### Information shown
* * * * * * *

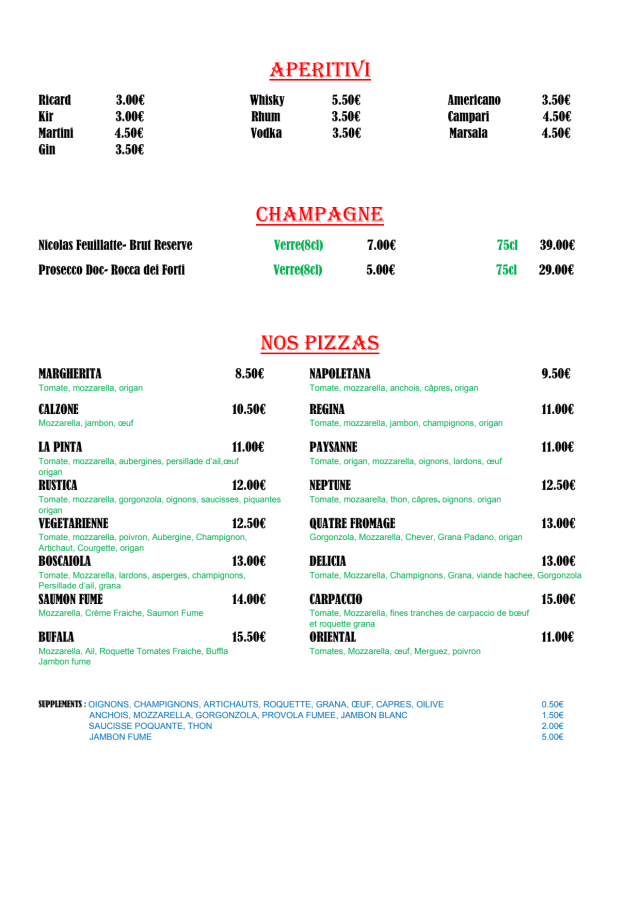 PDF Menu page 2
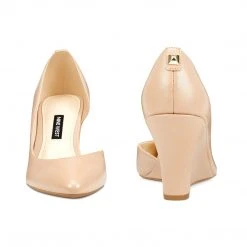 Nine West Cart 9x9 Dress Wedges Heels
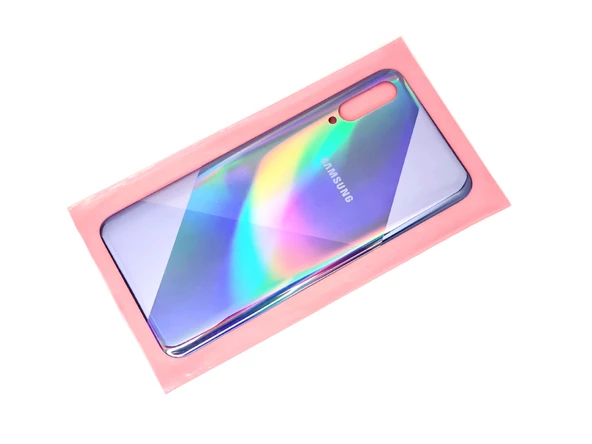 Samsung Galaxy A50S A507 Arka Pil Batarya Kapağı (B-7000) MAVİ - 2
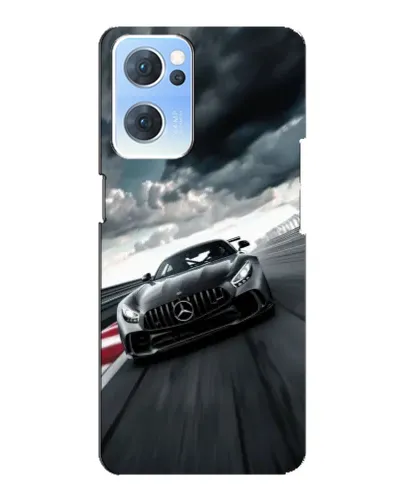 Чехол для OPPO Reno7 5G с картинкой «Гоночный Mercedes AMG» Чехол для OPPO Reno7 5G с картинкой «Гоночный Mercedes AMG»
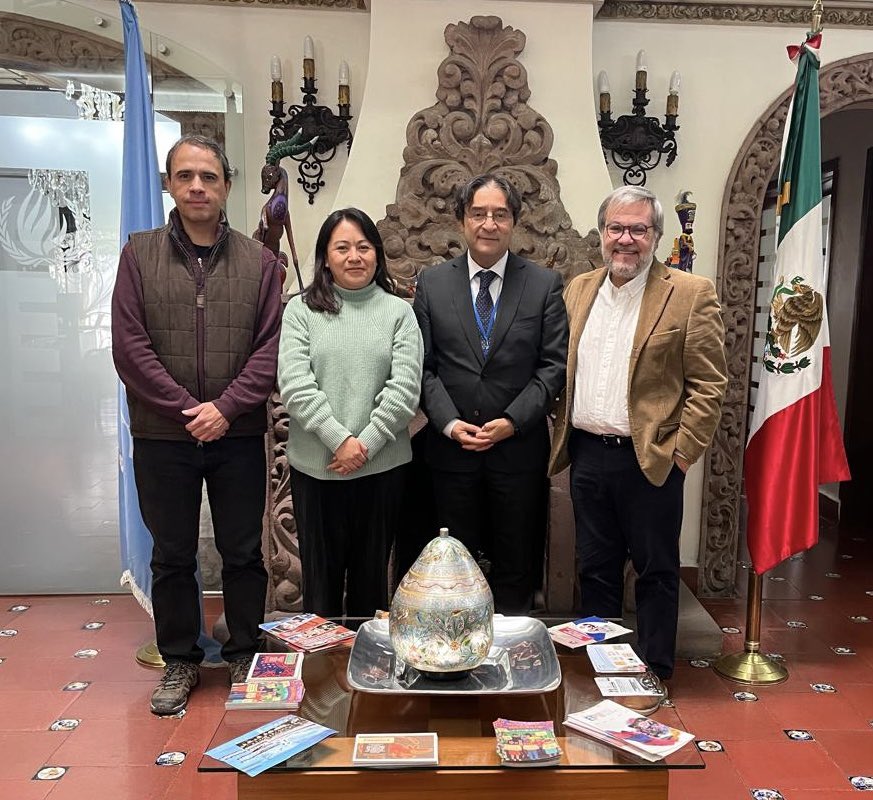 Sostuvimos una reunión con <a href="/FJEDD/">Fundación para la Justicia</a> y <a href="/solidaria_sc/">Solidaria Consultora</a> para dialogar sobre temas de derechos humanos e identificar áreas de trabajo conjunto. Coincidimos en la importancia del diálogo para intercambiar perspectivas y favorecer avances en la protección y salvaguarda de los derechos y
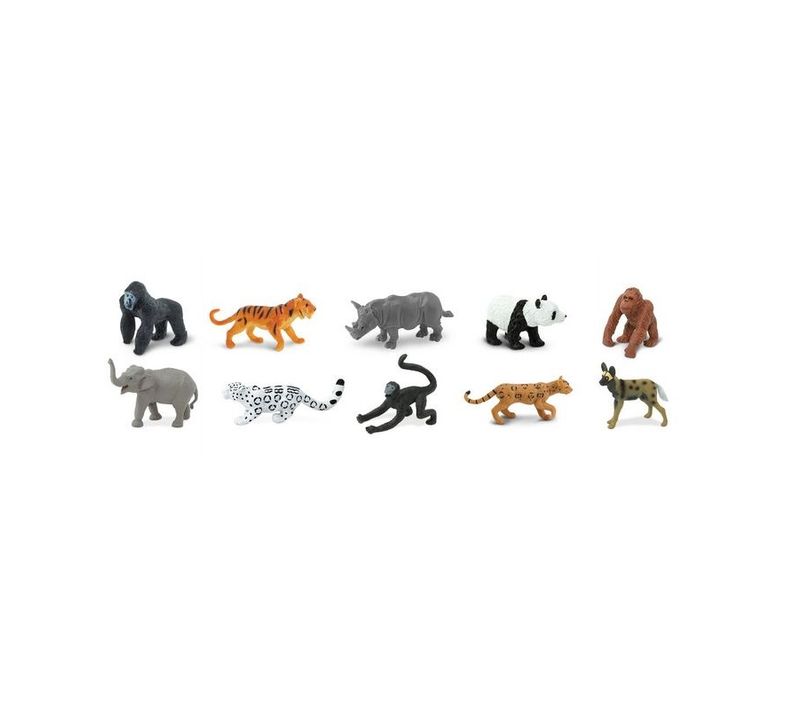 Figurines Animaux Menacés Terrestre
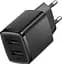 Сетевое зарядное устройство для Baseus Compact Charger 2USB 10.5W черный (CCXJ010201) - миниатюра 2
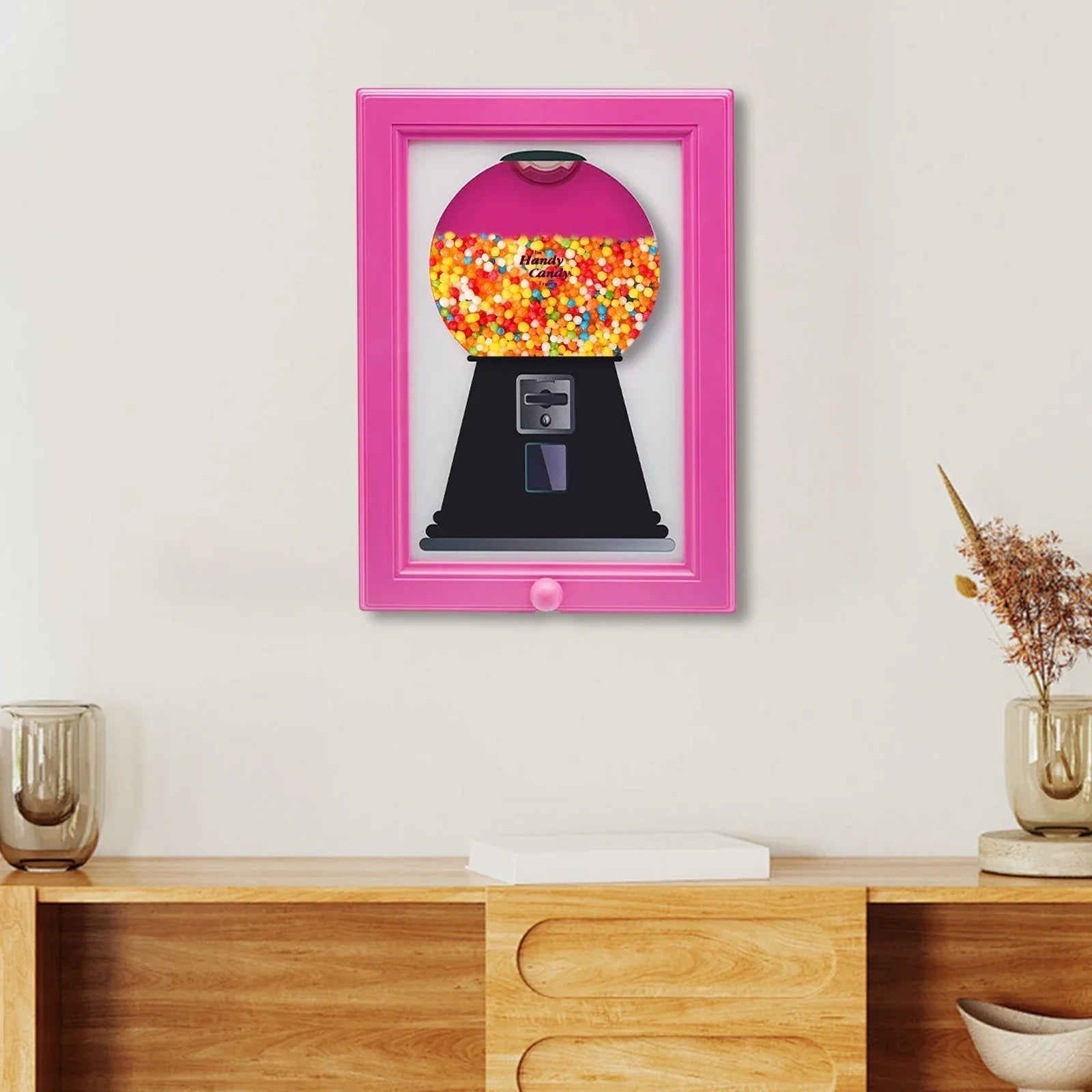 SweetFrame™ | Fresh candy treats and precious memories combined!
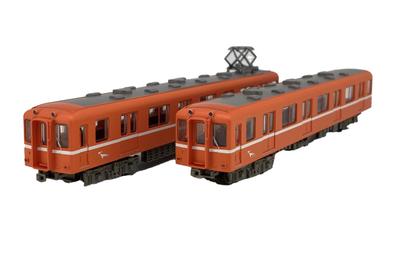 Коллекция железных дорог Kintetsu Railway Серия 6800 1-й выпуск (при первом представлении) Комплект из 2-х машин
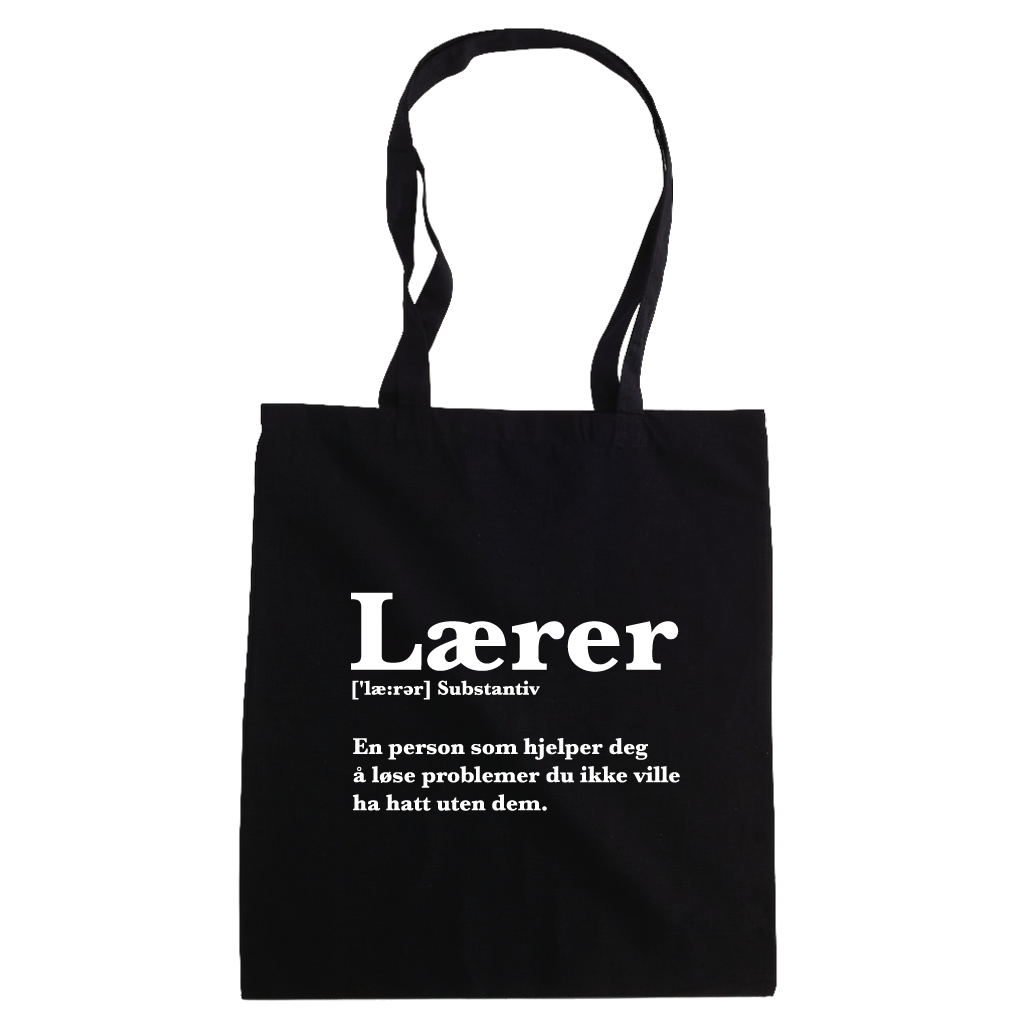Lærer definisjon - handlenett
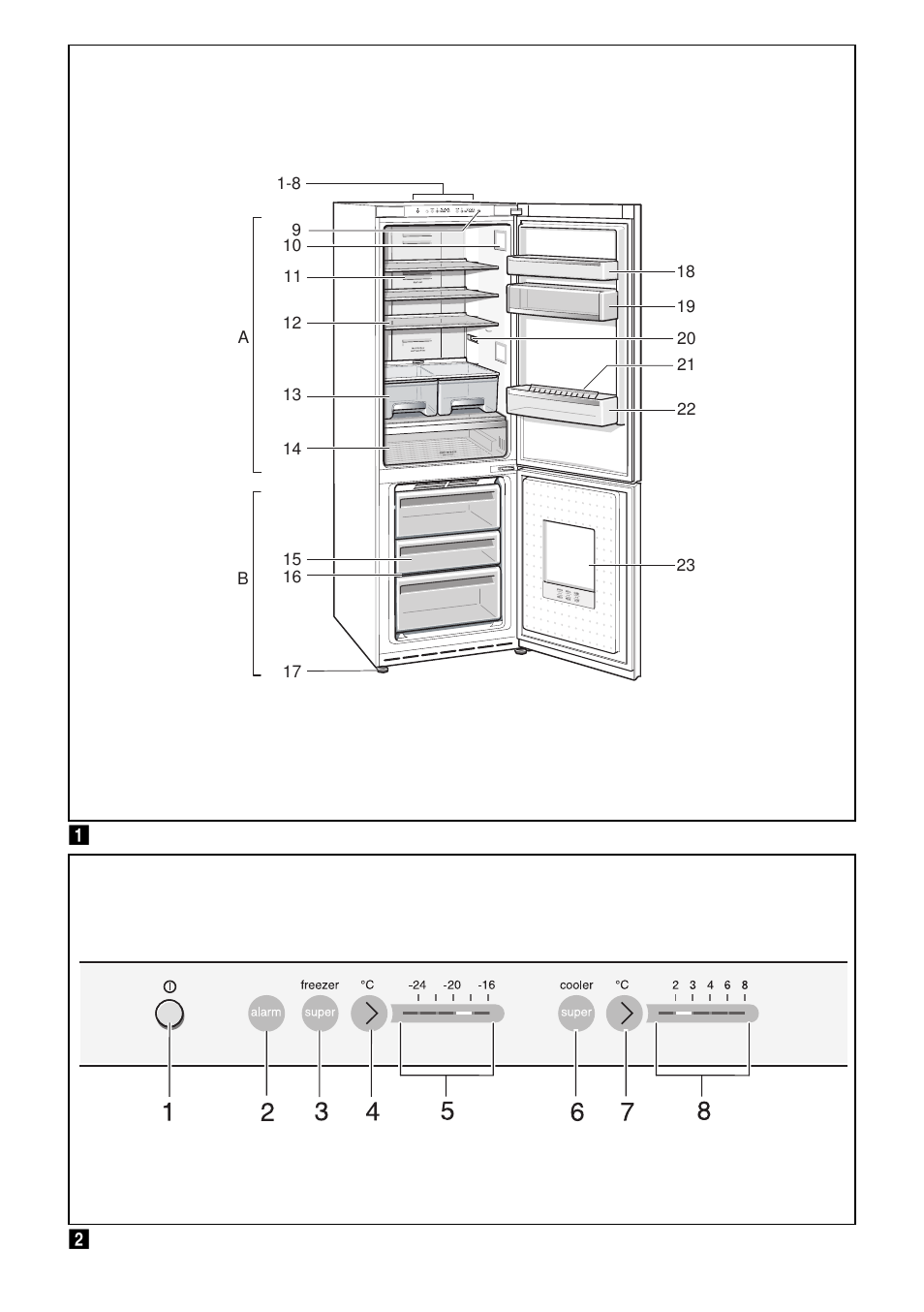 Bosch KGN49VW20 Frigo-congelatore da libero posizionamento Bianco User Manual | Page 99 / 102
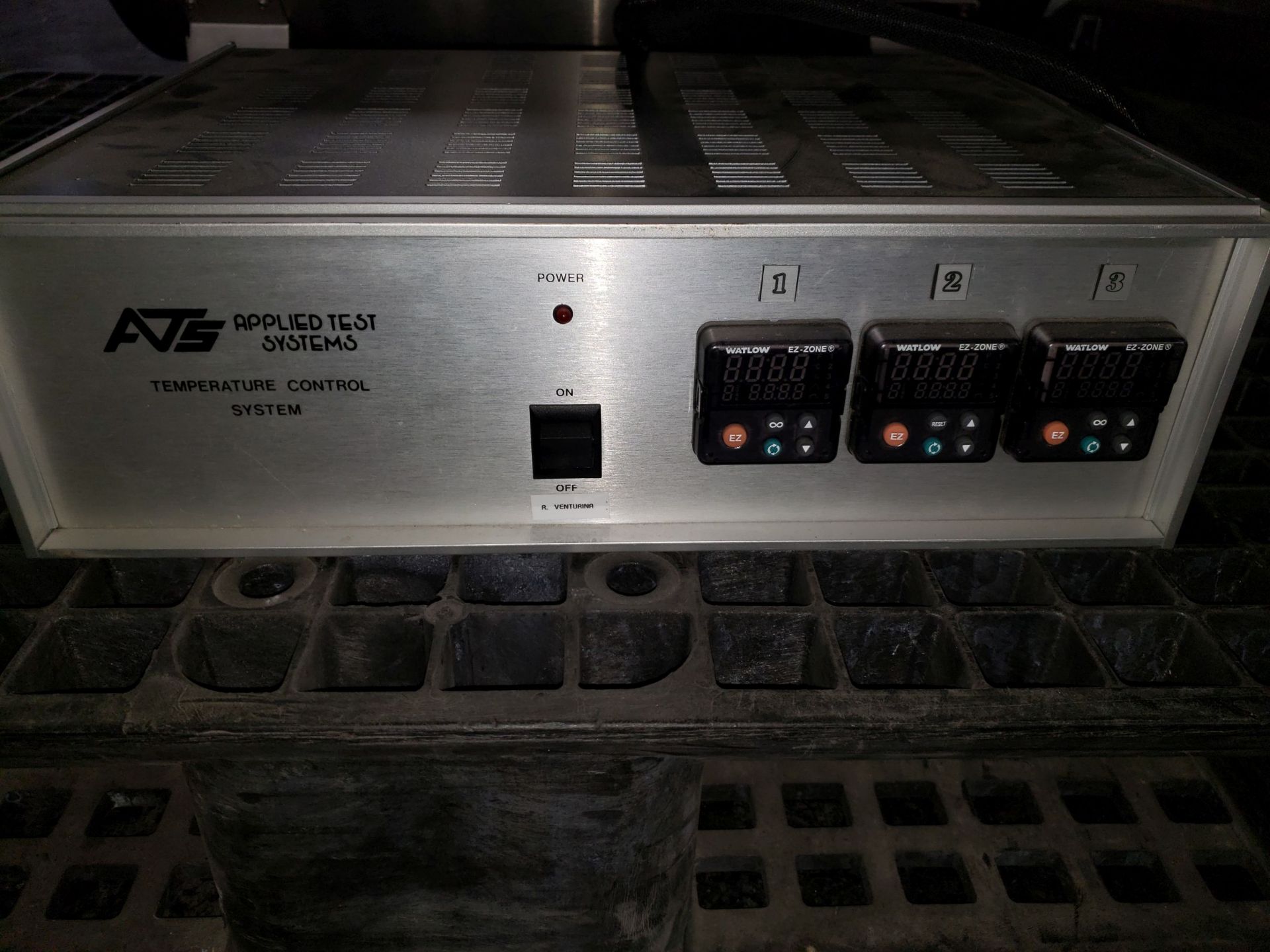 Applied Test Systems (ATS) Furnace with controller. Series: 3210, Watts: 6600; Voltage: 208V; Max - Image 7 of 17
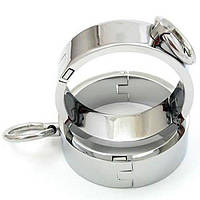 Сталеві окові для рук Unisex Magnet Locking Pins Small Bdsm4u FG, код: 8368071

* * * * * * *

### Assigned task
Give again exactly the lines from the one holding "Nine West Cart 9x9 Dress Wedges Heels" to the final line of the records, both ends included; any pictures stay out.

### Answer space
 Nine West Cart 9x9 Dress Wedges Heels
 Samsung Galaxy A50S A507 Arka Pil Batarya Kapağı (B-7000) MAVİ - 2
 Чехол для OPPO Reno7 5G с картинкой «Гоночный Mercedes AMG» Чехол для OPPO Reno7 5G с картинкой «Гоночный Mercedes AMG»
 Sostuvimos una reunión con <a href="/FJEDD/">Fundación para la Justicia</a> y <a href="/solidaria_sc/">Solidaria Consultora</a> para dialogar sobre temas de derechos humanos e identificar áreas de trabajo conjunto. Coincidimos en la importancia del diálogo para intercambiar perspectivas y favorecer avances en la protección y salvaguarda de los derechos y
 Figurines Animaux Menacés Terrestre
 Сетевое зарядное устройство для Baseus Compact Charger 2USB 10.5W черный (CCXJ010201) - миниатюра 2
 SweetFrame™ | Fresh candy treats and precious memories combined!
 Коллекция железных дорог Kintetsu Railway Серия 6800 1-й выпуск (при первом представлении) Комплект из 2-х машин
Lærer definisjon - handlenett
 Bosch KGN49VW20 Frigo-congelatore da libero posizionamento Bianco User Manual | Page 99 / 102
 Applied Test Systems (ATS) Furnace with controller. Series: 3210, Watts: 6600; Voltage: 208V; Max - Image 7 of 17
 Сталеві окові для рук Unisex Magnet Locking Pins Small Bdsm4u FG, код: 8368071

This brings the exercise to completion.